I've been saying for some time that the competence of this government is seriously under question. The way they bumble along from one dumb decision the next and the way they keep pandering to the donors of their party at the expense of the rest of the country can drive a man to drink. But you sort of expect all governments to have a level of competency that can be measured.

It turns out this might be the worst government for actually doing the governing bit, since Billy McMahon's ill-fated government the 1960s.

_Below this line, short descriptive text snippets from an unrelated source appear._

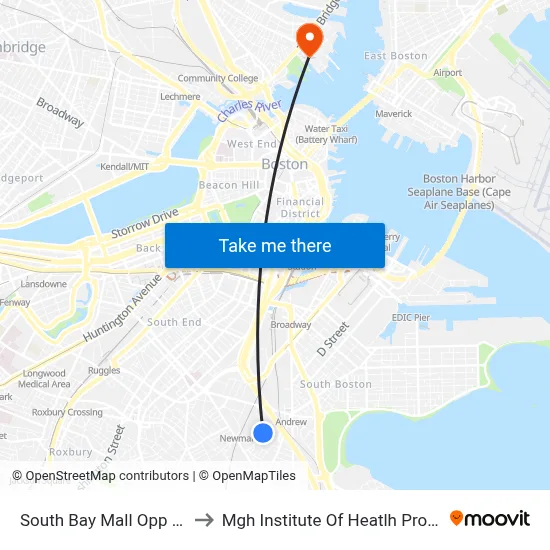 South Bay Mall Opp Macy's to Mgh Institute Of Heatlh Professions map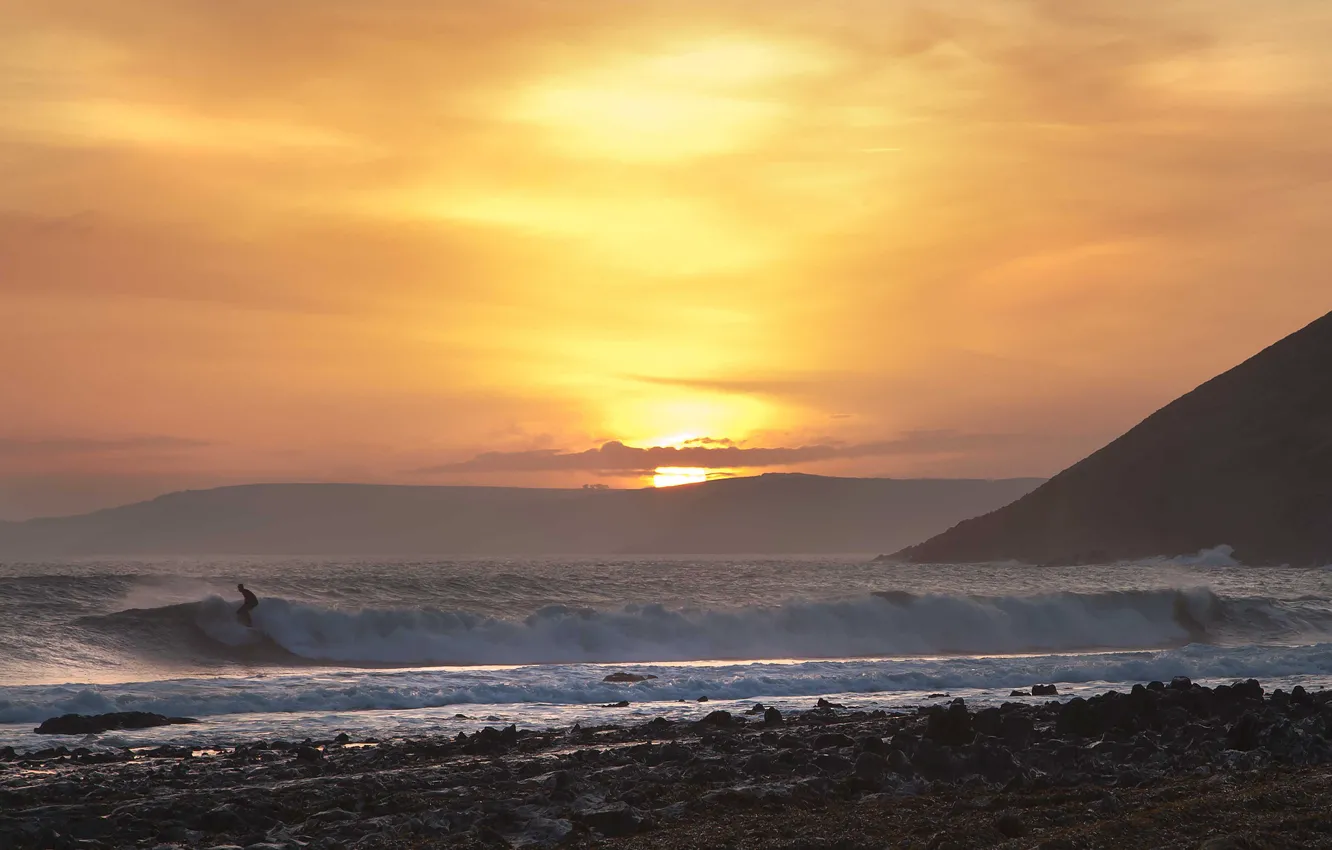 Photo wallpaper sea, wave, beach, sunset, surfing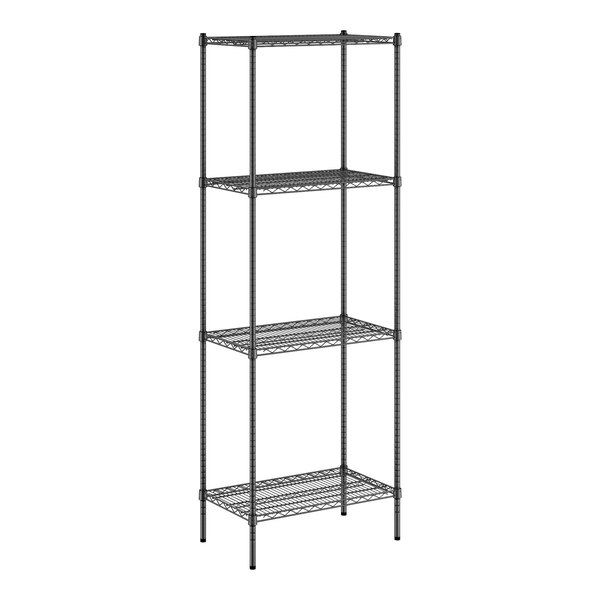 A black wire shelving unit with four shelves.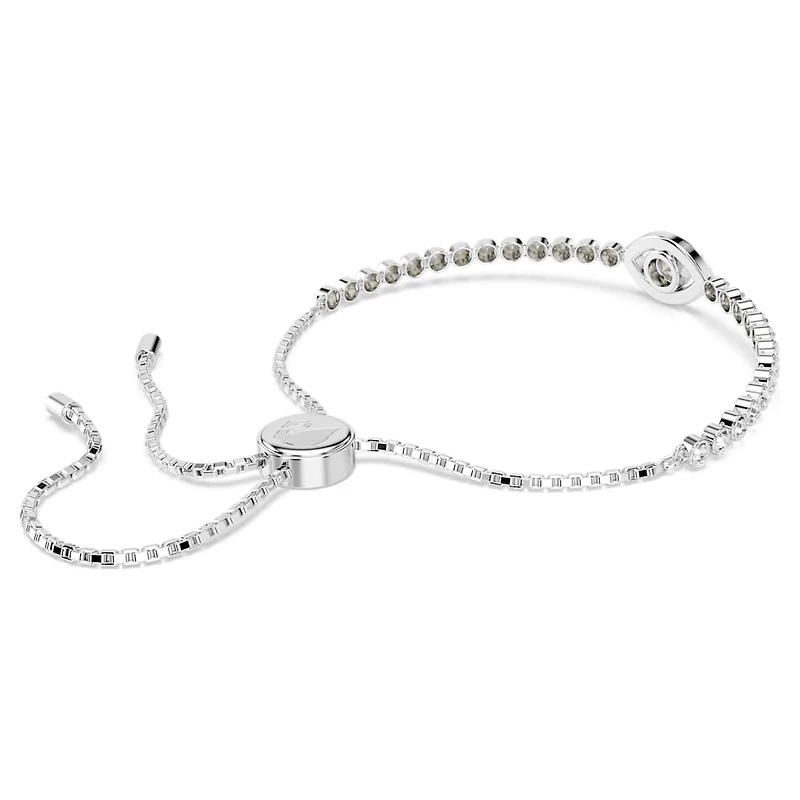 Matrix bracelet, Evil eye, White, Rhodium plated by SWAROVSKI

To date, the Abbott government has passed just 0.372 acts per day since it came to office, compared to 0.438 for the Rudd/Gillard/Rudd governments (and Gillard had to contend with minority government), 0.452 during John Howard's tenure, 0.476 for Paul Keating, 0.491 for Bob Hawke's governments, 0.481 for Malcolm Fraser, 0.472 for Gough Whitlam, and 0.436 for McMahon. Barring some unexpected burst of productivity in the latter half of this year, the Abbott government is on track to have the worst record for passing legislation since the late 1960s.

Legislative malaise may help explain why some key statistical indicators relating to health, education, poverty, Indigenous Australians, women's progress and home ownership, show the Abbott government has conspicuously failed to make progress. The Abbott government may have "stopped the boats" and repealed the carbon tax but these are not policy measures that have a demonstrably big impact upon the lives of ordinary Australians.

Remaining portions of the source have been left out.